REQUIRED ACTION: Print the data below again in full, exactly as it stands, with no images.

********************

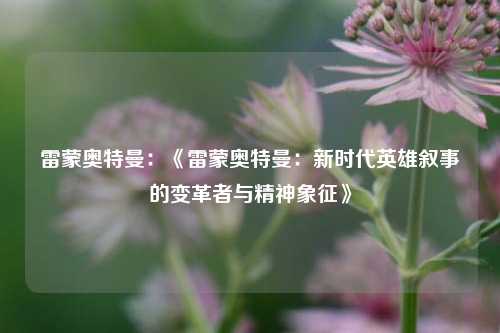 雷蒙奥特曼:《雷蒙奥特曼:新时代英雄叙事的变革者与精神象征》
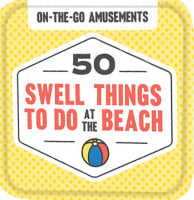 On-the-Go Amusements: 50 Swell Things to Do at the Beach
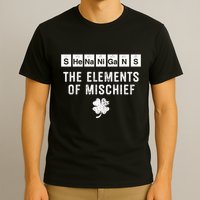 Funny Chemistry Shenanigans Periodic Table Elements T-Shirt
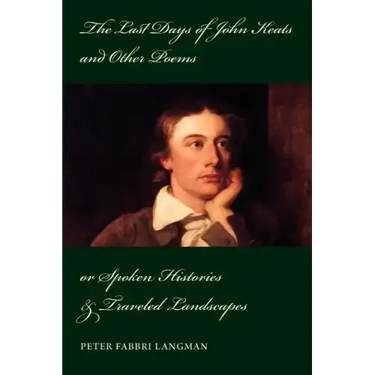 The Last Days of John Keats and Other Poems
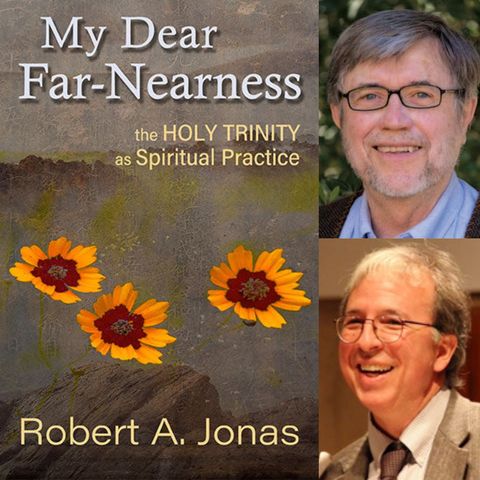 Robert Jonas, My Dear Far-Nearness The Holy Trinity as Spiritual Practice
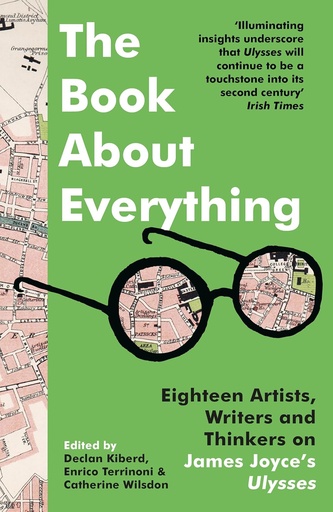 [9781803289359] The Book About Everything: Eighteen Artists, Writers and Thinkers on James Joyce's Ulysses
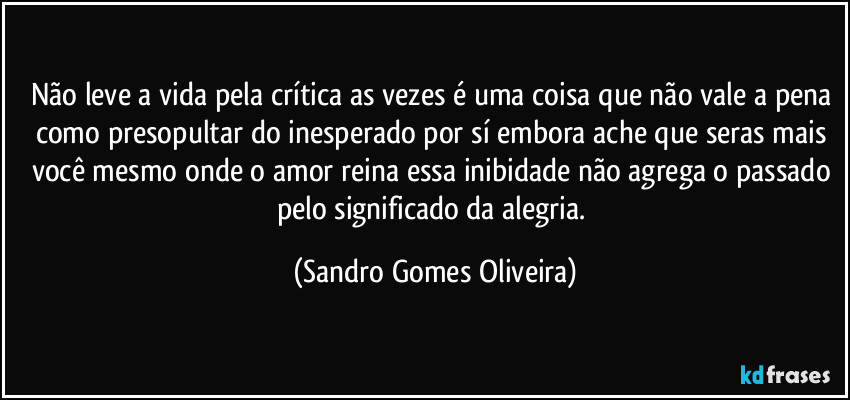 Não leve a vida pela crítica as vezes é uma coisa que não vale a pena como presopultar do inesperado por sí embora ache que seras mais você mesmo onde o amor reina essa inibidade não agrega o passado pelo significado da alegria. (Sandro Gomes Oliveira)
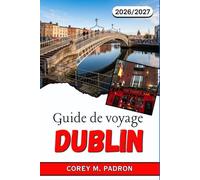 GUIDE DE VOYAGE DUBLIN 2026-2027: Le compagnon du visiteur averti pour explorer l'histoire irlandaise, la gastronomie locale, la musique live et les trésors cachés.
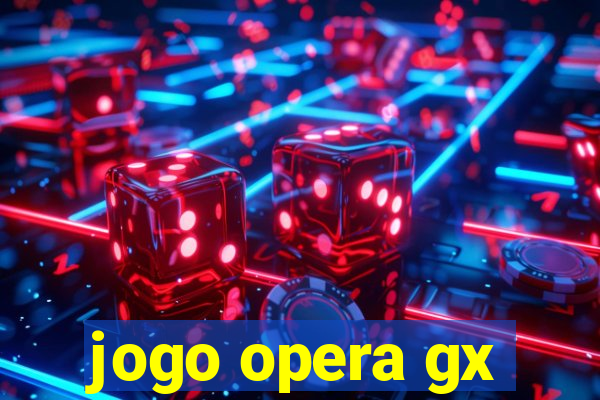 jogo opera gx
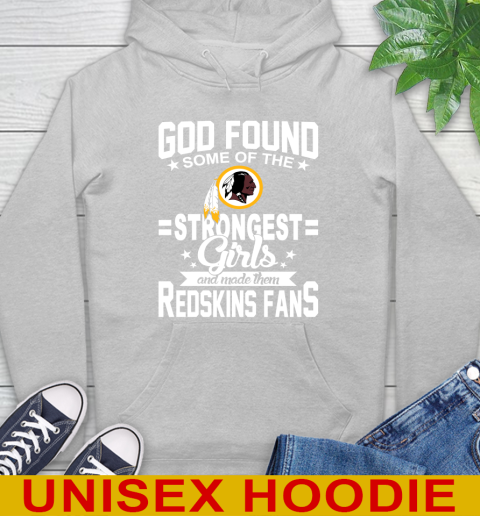 Washington Redskins NFL Football God Found Some Of The Strongest Girls Adoring Fans Hoodie 6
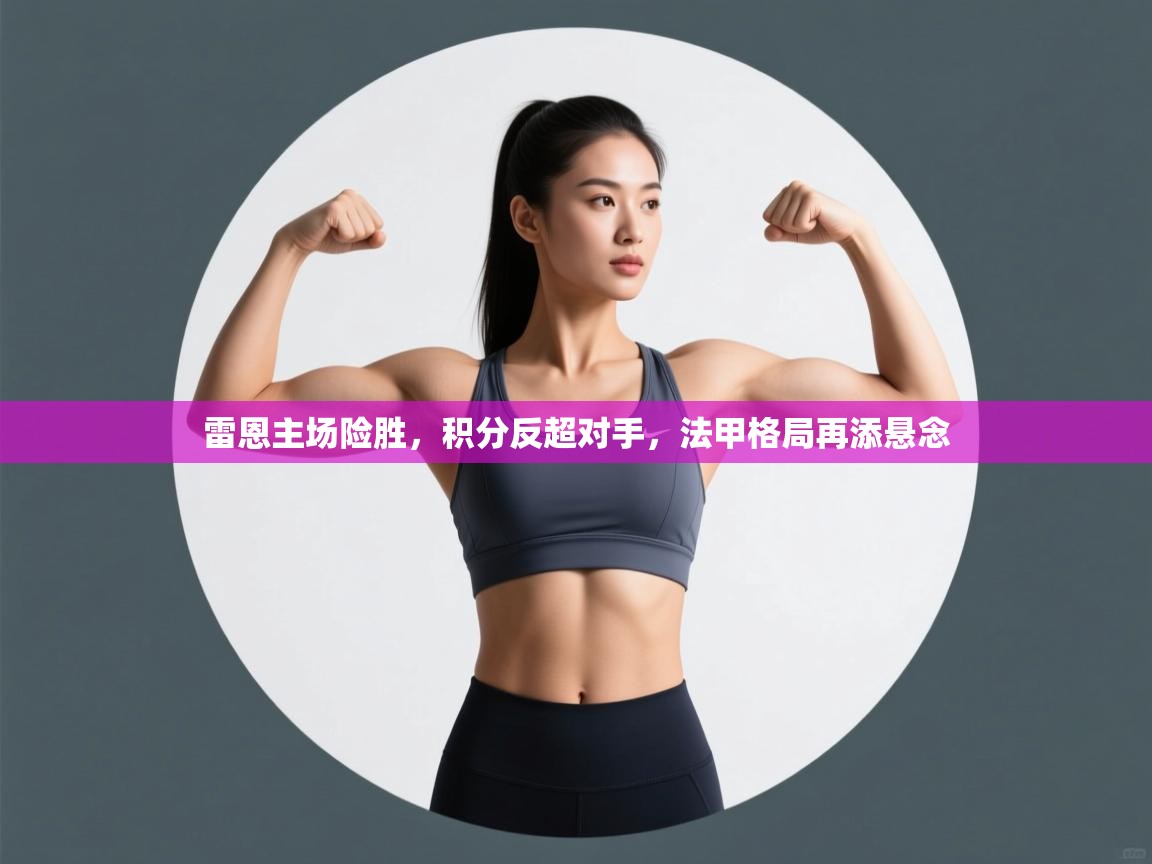 雷恩主场险胜，积分反超对手，法甲格局再添悬念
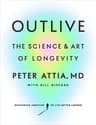 Outlive: The Science and Art of Longevity (Comprehensive Summary)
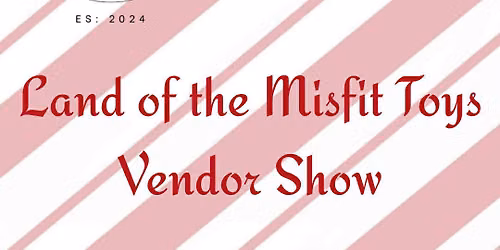 Land of Misfits Toys Vendor Show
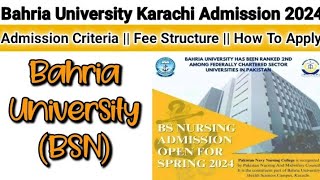 Bahria University Karachi Admission 202324  Bahria University BSN Admission  Complete Detail [upl. by Nodyroc]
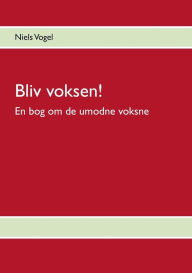 Title: Bliv voksen!: En bog om de umodne voksne, Author: Niels Vogel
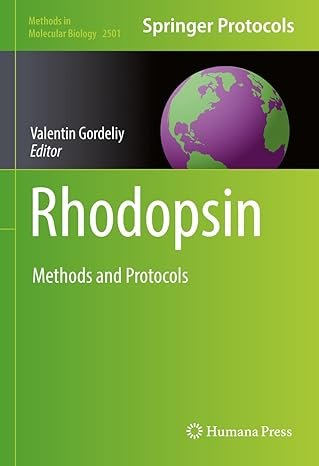 Rhodopsin: Methods and Protocols (Methods in Molecular Biology Book 2501)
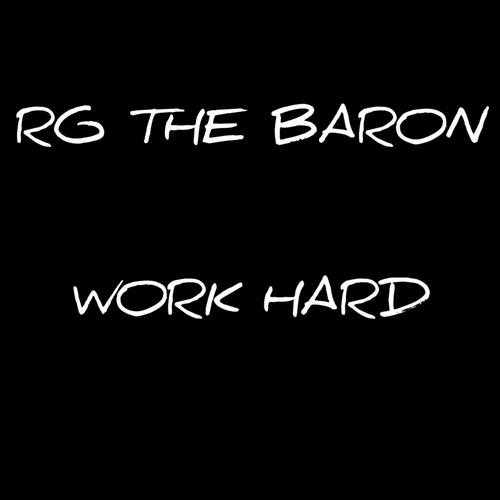 Work Hard (Explicit)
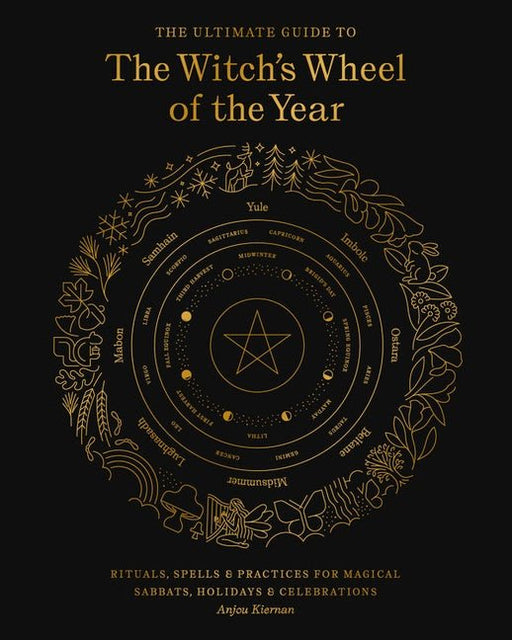 The Ultimate Guide to the Witch's Wheel of the Year - Anjou Kiernan - Tarotpuoti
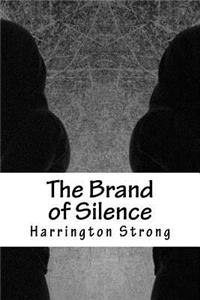 The Brand of Silence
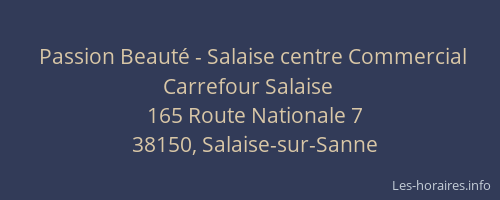 Passion Beauté - Salaise centre Commercial Carrefour Salaise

********************

ANSWER TO THIS PROBLEM:
 雷蒙奥特曼:《雷蒙奥特曼:新时代英雄叙事的变革者与精神象征》
 On-the-Go Amusements: 50 Swell Things to Do at the Beach
 Funny Chemistry Shenanigans Periodic Table Elements T-Shirt
 The Last Days of John Keats and Other Poems
 Robert Jonas, My Dear Far-Nearness The Holy Trinity as Spiritual Practice
 [9781803289359] The Book About Everything: Eighteen Artists, Writers and Thinkers on James Joyce's Ulysses
 Não leve a vida pela crítica as vezes é uma coisa que não vale a pena como presopultar do inesperado por sí embora ache que seras mais você mesmo onde o amor reina essa inibidade não agrega o passado pelo significado da alegria. (Sandro Gomes Oliveira)
 GUIDE DE VOYAGE DUBLIN 2026-2027: Le compagnon du visiteur averti pour explorer l'histoire irlandaise, la gastronomie locale, la musique live et les trésors cachés.
 jogo opera gx
 Washington Redskins NFL Football God Found Some Of The Strongest Girls Adoring Fans Hoodie 6
 雷恩主场险胜，积分反超对手，法甲格局再添悬念
 Outlive: The Science and Art of Longevity (Comprehensive Summary)
 Land of Misfits Toys Vendor Show
 Bahria University Karachi Admission 202324  Bahria University BSN Admission  Complete Detail [upl. by Nodyroc]
 Title: Bliv voksen!: En bog om de umodne voksne, Author: Niels Vogel
 Rhodopsin: Methods and Protocols (Methods in Molecular Biology Book 2501)
 Work Hard (Explicit)
 The Ultimate Guide to the Witch's Wheel of the Year - Anjou Kiernan - Tarotpuoti
 The Brand of Silence
 Passion Beauté - Salaise centre Commercial Carrefour Salaise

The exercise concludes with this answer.